Hoy, en mi artículo semanal, quería hablaros de la facilidad con la que a veces olvidamos el pasado, nuestro pasado. Lo malo de todo esto no es precisamente el olvido, sino intentar olvidarlo, borrarlo, renegar de él. Porque esto es así y además no solo lo hacen los músicos, también las propias bandas siendo estás dirigidas y llevadas para bien o para mal, por personas que dejan su huella.

Esto que os cuento lo cuento por que, uno que lleva muchos años en esto, conoce a muchas bandas, a muchas hermandades y a muchos músicos. Bandas que reniegan de su pasado y con esto me refiero a sus inicios musicales, por ejemplo. Banda que empiezan con un estilo clásico e incluyendo un buen número de marchas de alguna formación reconocida. Esto normalmente es lo que les hace ser oídas y es lo que crea interés, pero cuando van pasando los años te das cuenta de que ha cambiado tanto su repertorio que no queda nada de los inicios, ni siquiera de su forma de tocar, de su toque personal, y es más reniegan de él, no lo cuentan en su historia y además critican esas marchas que en su momento les dieron tanto.

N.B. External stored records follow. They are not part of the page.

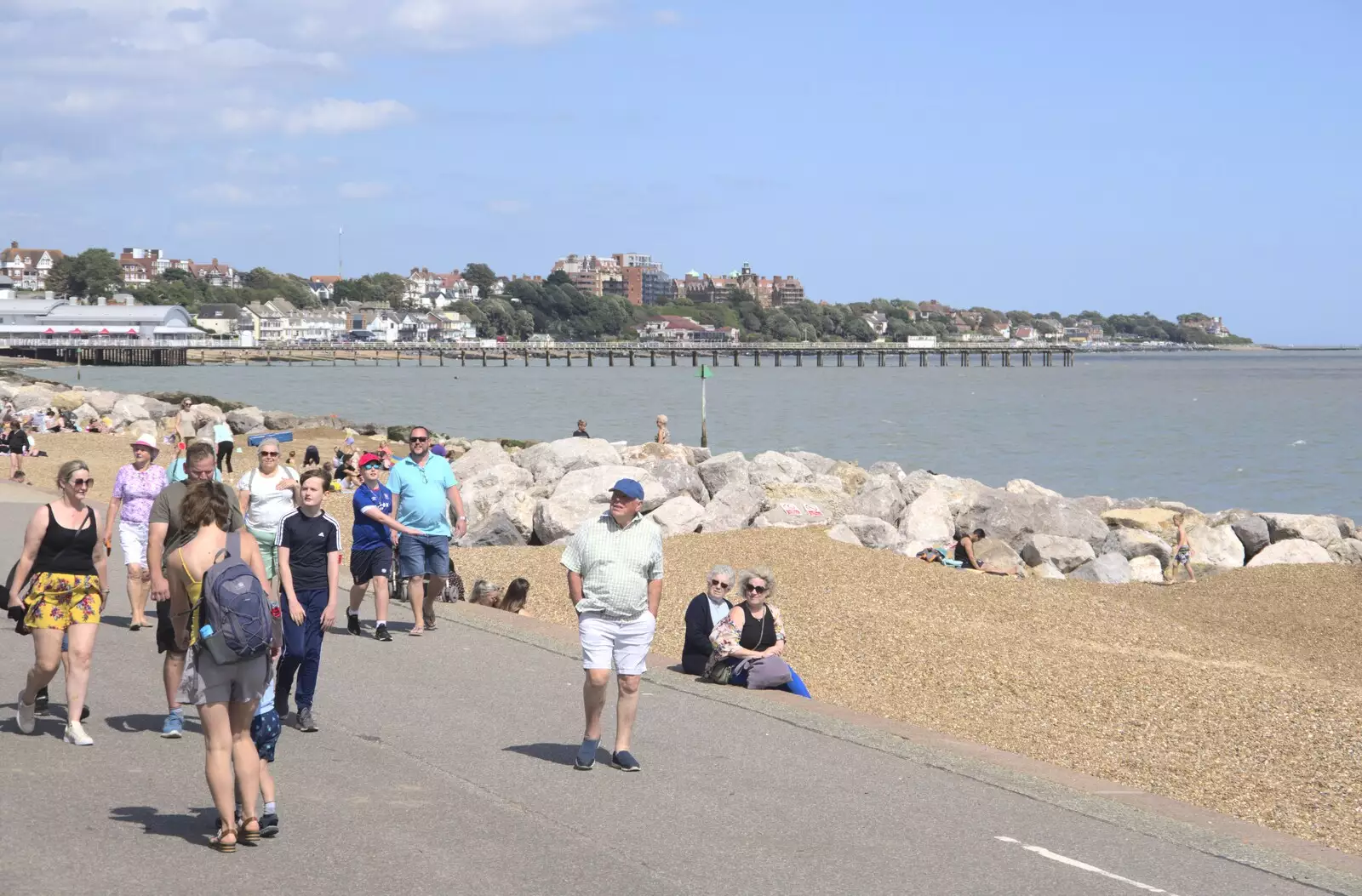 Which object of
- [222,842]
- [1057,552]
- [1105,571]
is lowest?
[1105,571]

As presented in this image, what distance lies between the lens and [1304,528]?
972 inches

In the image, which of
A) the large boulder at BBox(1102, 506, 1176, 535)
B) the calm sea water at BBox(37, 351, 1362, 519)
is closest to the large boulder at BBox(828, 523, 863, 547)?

En línea de esto mismo, hay otros casos y es que, los inicios de una banda son complicados y además necesitan un factor humano increíble para crecer. Las personas son las que son y somos como somos y un día podemos tener un problema y tener que dejar nuestra formación. Se de músicos, con cargos y que han hecho crecer a su banda que por desavenencias deciden dejar y lo borran hasta de su historia. O bandas que se olvidan de esas hermandades que les han dado todo, les han prestado todo, les han consentido bajones musicales y aún así los han mantenido y animado…y cuando hay una oportunidad mejor, si te he visto no me acuerdo.

En las hermandades y en lo musical también hay negaciones, sólo faltaría. Recuerdo casos, amigos de ciertas bandas que me han contado que han acabado mal con hermandades. Lo que pasa, claro, es que se contrata a una banda con un estilo y cuando hay cambio de junta la quitan de enmedio para meter a otra totalmente diferente y rajan de esta, cuando ésta muchas veces les ha sacado las castañas del fuego (económicamente me refiero). O cuando la banda por distintos motivos tiene algún año malo y la hermandad les da la carta de despido, vaya por dios, no se acuerdan de los años buenos y ni les animan a volver a crecer.

Y por último llegamos al punto de los propios músicos. Músicos que reniegan de su pasado, de la banda que les vio nacer y les hizo crecer, de los músicos que tuvieron a gente totalmente desinteresada a su lado y educándoles musicalmente y además, por qué no, en distintos ámbitos de la vida. Y cuando por distintas consecuencias se van, ya no se acuerdan de las bandas que les vio nacer, se van renegando de la ayuda que le han prestado de forma desinteresada gente humilde y ojo, hasta músicos que hacen estudios y reniegan de haber estado en una humilde banda o agrupación musical en sus inicios, como si eso fuera un desprestigio para ellos. 

Como dijo aquel, «no desprecies el recuerdo del camino recorrido. Ello no retrasa vuestra carrera, sino que la dirige; el que olvida el punto de partida pierde fácilmente la meta».